Sadece dört gün sonra 24 Haziran'da Aile ve Sosyal Hizmetler Bakanlığına bağlı Küçükleri Muzır Neşriyattan Koruma Kurulu’nun dizinin 7 kitabını birden küçüklere zararlı, müstehcen bulduğuna ve ancak poşet içinde satılabileceğine ilişkin kararı Resmi Gazete'de yayınlandı.
Bugün tüm dünyada yayıncılar türlü zulme uğruyor. Sansürün bin bir çehresiyle karşılaşıyor. Ülkemizde de 2013’ten beri şahlanan, planlı, çıkar odaklı siyasi sansür toplumsal otosansürü sinsice inşa etmeyi başardı. Artık kitaplar belki de hayatında hiç kitap okumamış kişilerce suçlu gösteriliyor, şikayet ediliyor. Kitaplar, yazarlar, yayınevleri üstündeki baskı her geçen gün şiddetleniyor.

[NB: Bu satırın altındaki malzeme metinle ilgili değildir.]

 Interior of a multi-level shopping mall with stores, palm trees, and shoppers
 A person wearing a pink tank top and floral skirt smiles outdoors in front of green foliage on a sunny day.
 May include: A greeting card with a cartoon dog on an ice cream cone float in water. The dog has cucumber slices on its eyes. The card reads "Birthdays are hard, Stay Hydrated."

Fransa Eğitim Bakanı'nın kitaplarıyla çocuklara sunduğu katkılar nedeniyle ülkenin en yüksek nişanıyla ödüllendirdiği sevgili yazarımızın 7 kitabı birden ülkemizde poşete sokulmak istendi. Biz kitaplarımızı asla poşete sokmuyoruz. Dolayısıyla satıştan çektik. Ticari zararımız umurumuzda değil. Bizim kitaplarımız milyonlarca çocuğa, ebeveyne, eğitimciye hayatı anlayıp yorumlamak, tüm canlılarla empati kurmak, yeni bakış açıları kazandırmak becerisine sahiptir. Asıl suç yayıncılığı siyasi emeller uğruna okuma kültürünü bir kesimin ahlak kabullerine göre biçimlemeye çalışmaktır.
Oral: Acı çekiyoruz ama mücadeleden vazgeçmiyoruz
Yazar Ödülü ise PEN Türkiye ve Türkiye Yazarlar Sendikasına gitti. PEN Türkiye adına Zeynep Oral, Türkiye Yazarlar Sendikası adına da Adnan Özyalçıner ödülü aldı.

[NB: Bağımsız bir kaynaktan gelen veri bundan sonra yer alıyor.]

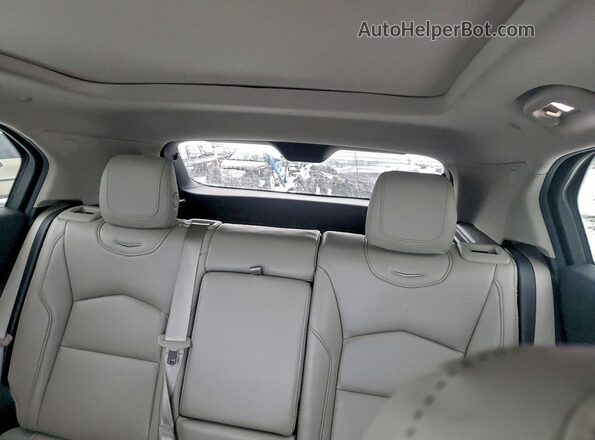 1GYFZDR45KF144800 2019 CADILLAC XT4 White Vista de los asientos traseros
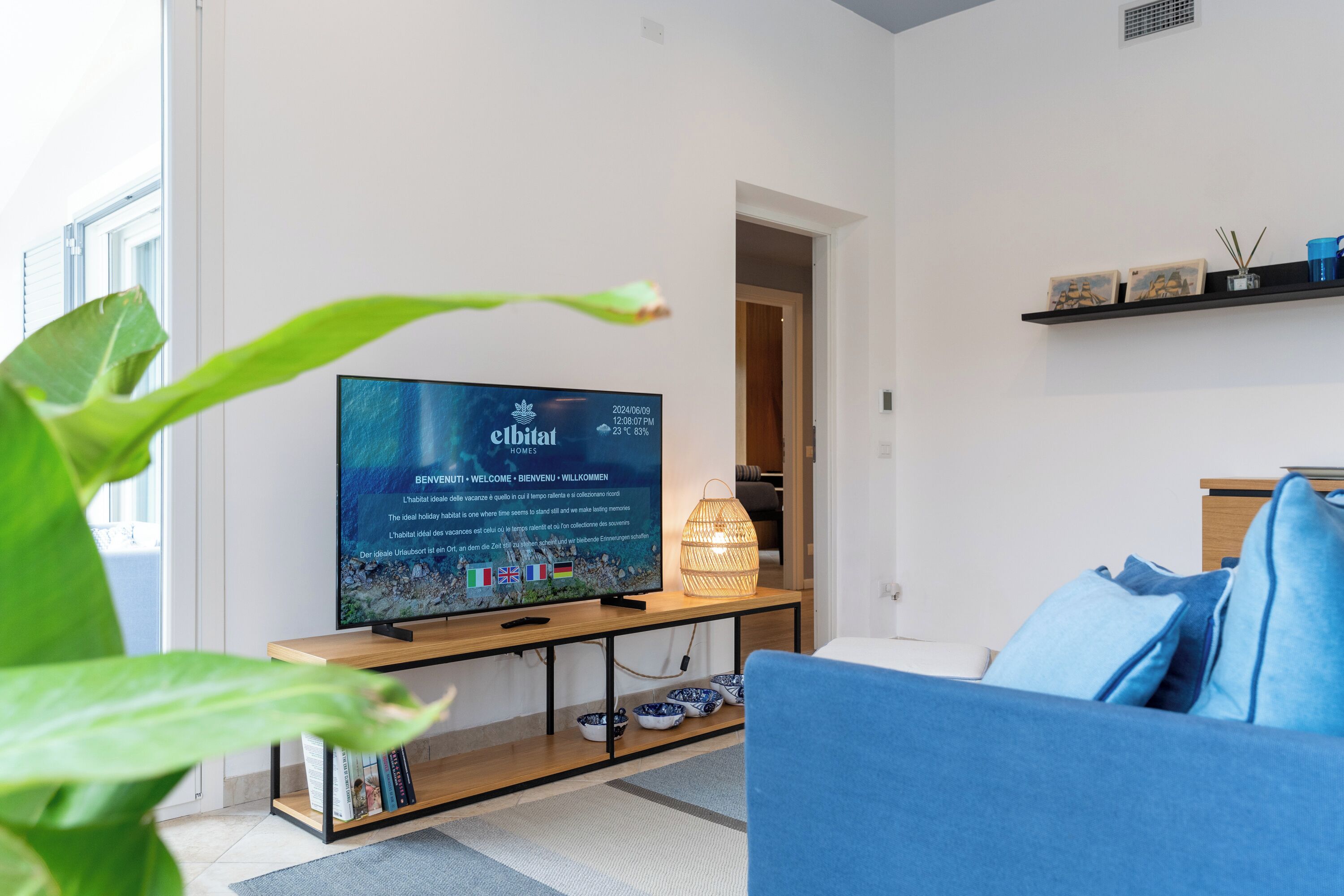 Una sala de estar moderna con un televisor de pantalla plana sobre un soporte de madera, un sofá azul y un estante pequeño con adornos.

Oral PEN Türkiye Yazarlar Derneği’nin 1954’te Halide Edip Adıvar önderliğinde kurulduğunu belirtti. 12 Eylül Darbeyle kapatıldığını hatırlattı. “Yeniden hayata geçmesinde Yaşar Kemal vesile oldu” diyerek ödülü ona adadı:
Zor zamanlardan geçiyoruz. Son yıllarda çok şiddet gördük. Ayrımcılığı gördük. Bize benzemeyenin, bizim gibi düşünmeyenin ötekileştirilmesini gördük. Eleştiriye tahammülsüzlüğü gördük. İhaneti gördük. Yalanı, talanı gördük. Tehdit, baskı ve yasakları gördük. Son yıllarda tüm dünyaya egemen olan bir virüsün kimi ülkelerde hele hele otoriter, baskıcı, totaliter rejimlerde nasıl bir fırsata dönüştürdüğünü gördük. Daha yenilerdeyse ülkemizde insan yaşamını, doğayı yerle bir eden depremleri gördük.
Evet, acı çekiyoruz ama mücadeleden de vazgeçmiyoruz. Korkmuyoruz. Yaşama sevincini yok etmeye yönelik her haksızlığa, her baskıya, her şiddete göğüs gererek, mahkeme kapılarında zarar gören herkesin buluşmasını izleyerek, işimizi en iyi biçimde yapmaya çalıştığımız sürece yalnız olmadığımızı biliyoruz. Çünkü dayanışmanın gücünü gördük ve bu güce biz inanıyoruz.
Özyalçıner: Tek adam, tek düşünce döneminin sonu geldi
Adnan Özyalçıner de ödülünü aldıktan sonra şunları söyledi:
Düşünce ve ifade özgürlüğü yoksa o ülkede insan hak ve özgürlüklerinden söz edilemez. Türkiye'ye Yazarlar Sendikası 12 Mart 1971 muhtırasının getirildiği o karabasan günlerin ardından kuruldu ve o günden bugüne türlü baskı ve yasaklamalarla yazarlar, sanatçılar, gazeteciler, aydınlar hapislere sürüklendi, sürükleniyor. O günlerden bugüne baskıların getirdiği korku ve çekimsekliklerle haksızlıkların, yolsuzlukların, adaletsizliklerin önü açılıyor.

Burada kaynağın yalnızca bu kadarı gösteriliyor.